Na verdade, o filho do ditador não será o representante do charlatão Steve Bannon, mas o enrolado com as milícias do Queiroz.

Mas as instituições não vão permitir, insistirão os incorrigíveis otimistas. As instituições estão cooptadas, cara pálida! 

Não se espera das instituições que proíbam as pessoas de fazer coisas patéticas. Marchas como as que temos visto, sejam de galinhas verdes ou não, existem em todos os quadrantes e regimes do mundo. Não é isso que nos coloca às portas do fascismo. O risco vem justamente do fato das instituições do estado democrático de direito perderem a sua capacidade de garantir aquilo que dispõe a Constituição Federal. Quando as instituições permitem que seus principais agentes, por simpatizarem com a agenda dos galinhas verdes, deixam de realizar seu trabalho baseado na lei para agir movidos por suas crenças político-ideológicas, então o próprio Estado escancara as portas convidando o fascismo. Ele entra, se instala e se funde com a própria estrutura do Estado. Ao combinarem atos e omissões,  os agentes do Estado viabilizam – estimulam - o avanço da agenda dos galinhas verdes por dentro das instituições, desmoralizando-as, gerando uma má consciência do não funcionamento da democracia, ideologia que leva em seguida à morte da democracia.

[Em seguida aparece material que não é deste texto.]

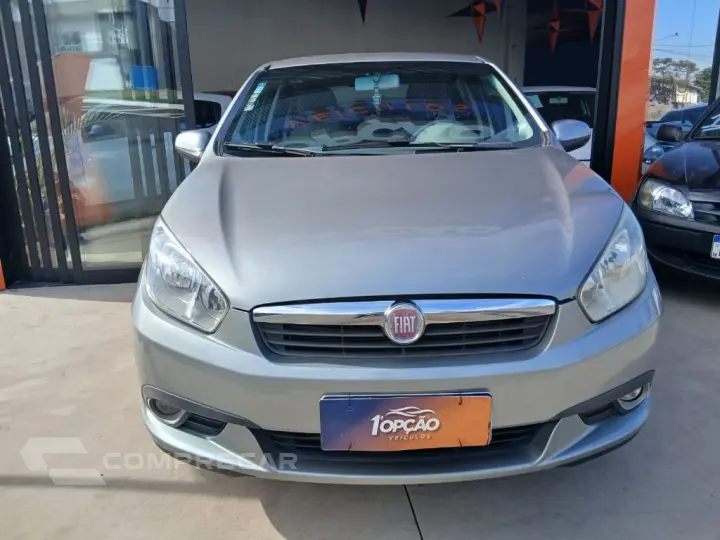Grand Siena ESSENCE 1.6 Flex 16V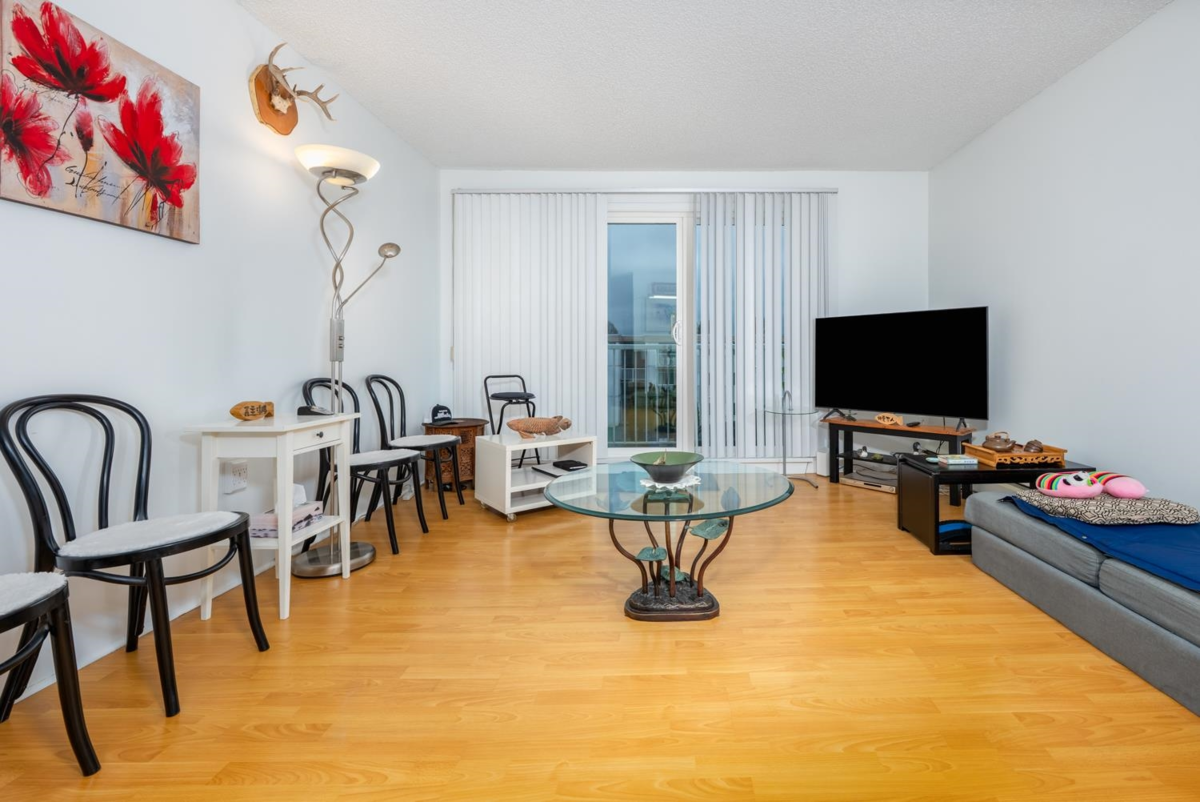 Family Room Photo of 310 7240 Lindsay Road, Richmond, BC
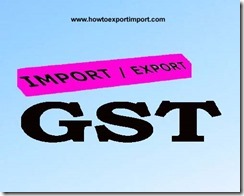Rate of GST on Waste, parings and scrap of rubber business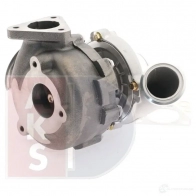 Турбина AKS DASIS XDVE NY 1424502419 4044455761570 155013n - Изображение 11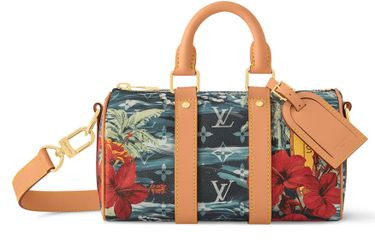 Keepall Bandoulière 25 - LOUIS VUITTON | 24S US
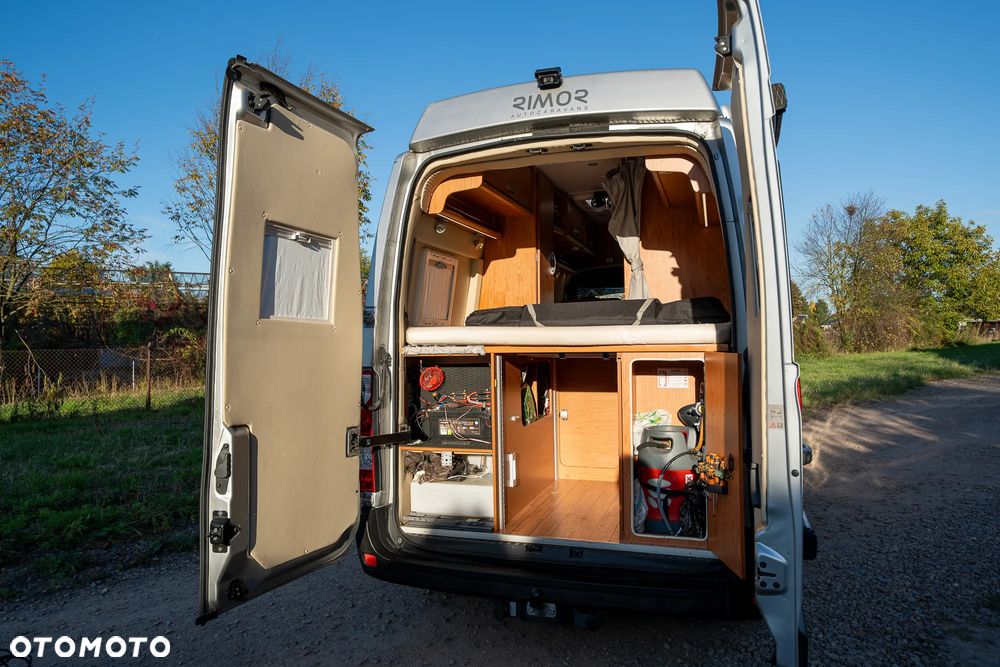 Rimor Renault Master III - 25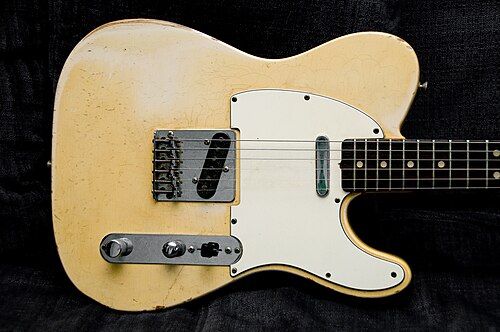 1968 Fender Telecaster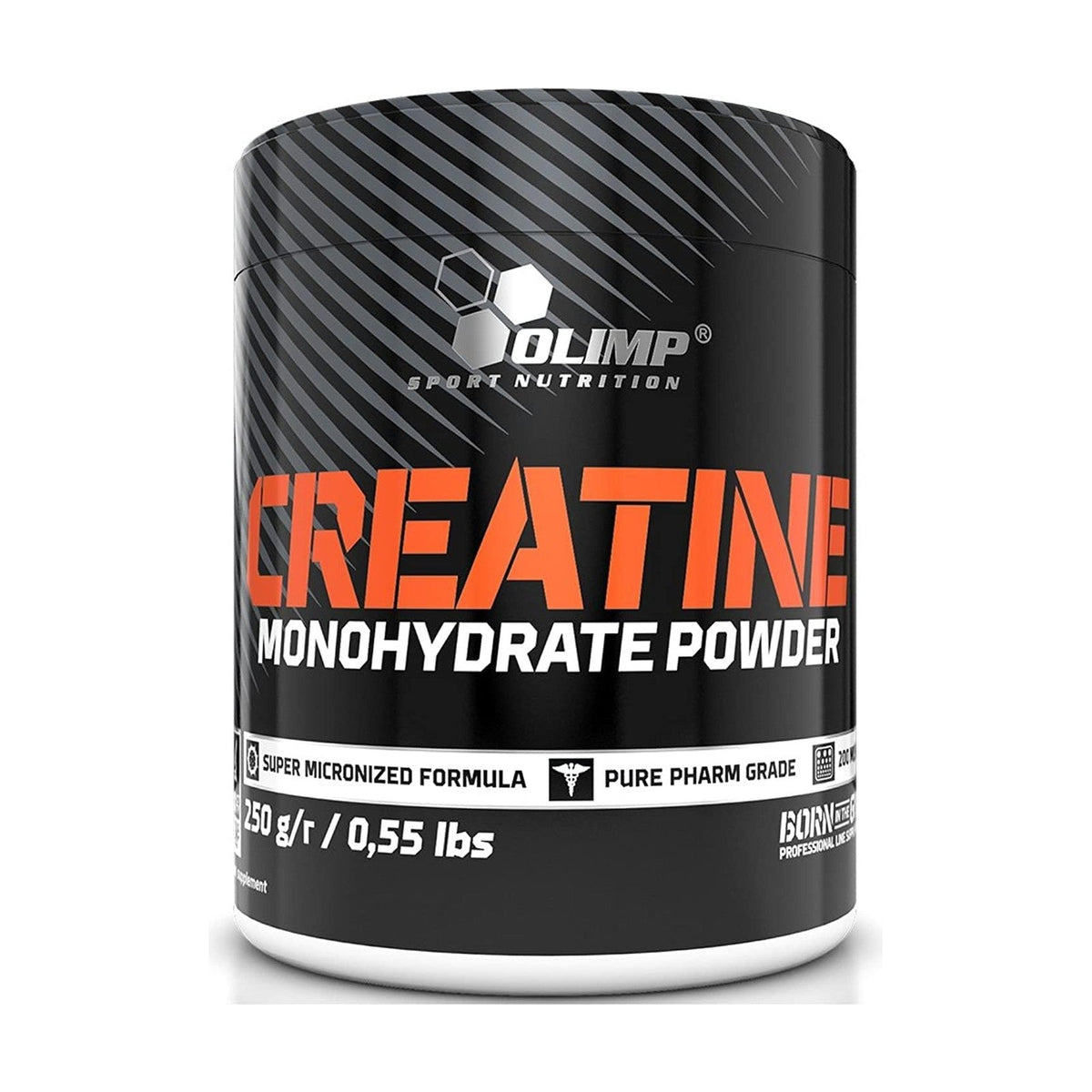 Olimp Sport Nutrition Creatine Monohydrate 250g/550g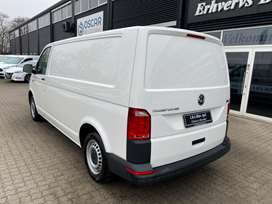 VW e-Transporter ABT Kassevogn lang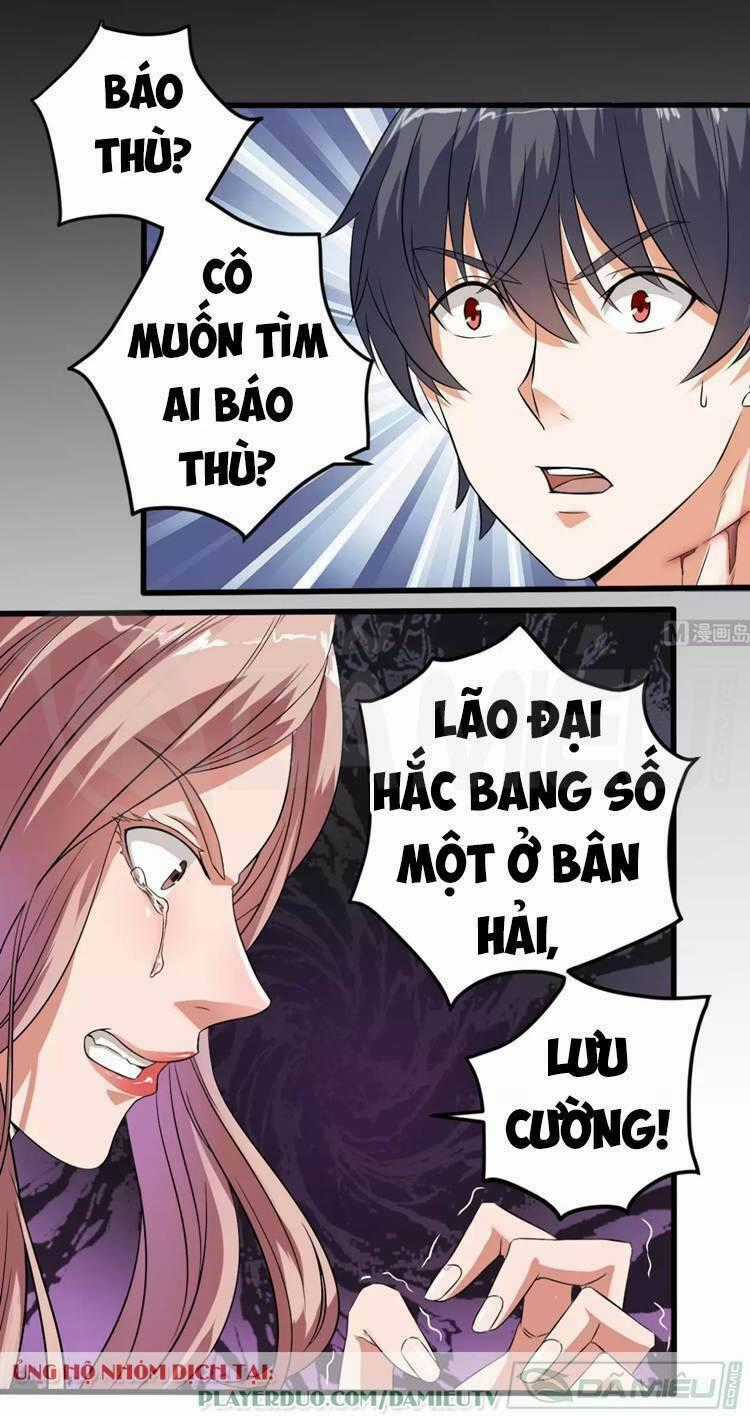 Địa Phủ Khai Phá Thương Chapter 52 trang 1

Quando elogiavam a ditadura e a matança dos adversários políticos, falamos que eram polêmicos. 

Quando escreveram que com a democracia não é possível fazer o que seria o necessário, escrevemos que eles têm o português ruim, que não sabem se expressar corretamente.

Quando desenharam sua visão de mundo, respondemos que sua estética é grotesca, que a nossa é mais fina e universal.

Como não entendemos ainda, estão agora fazendo painéis cravejados de cartuchos de balas, anunciando didaticamente onde pretendem chegar. Respondemos fazendo a crítica de uma arte de gosto duvidoso.

Quando quisermos usar as palavras corretas para definir os fatos, quando precisarmos disso, talvez nem o possamos mais fazer.

Quando vamos começar a usar as palavras corretas?

Quando vamos começar a chamar os fascistas de fascistas? Quando vamos começar a denunciar que querem de fato instalar uma ditadura familiar fascista no nosso país?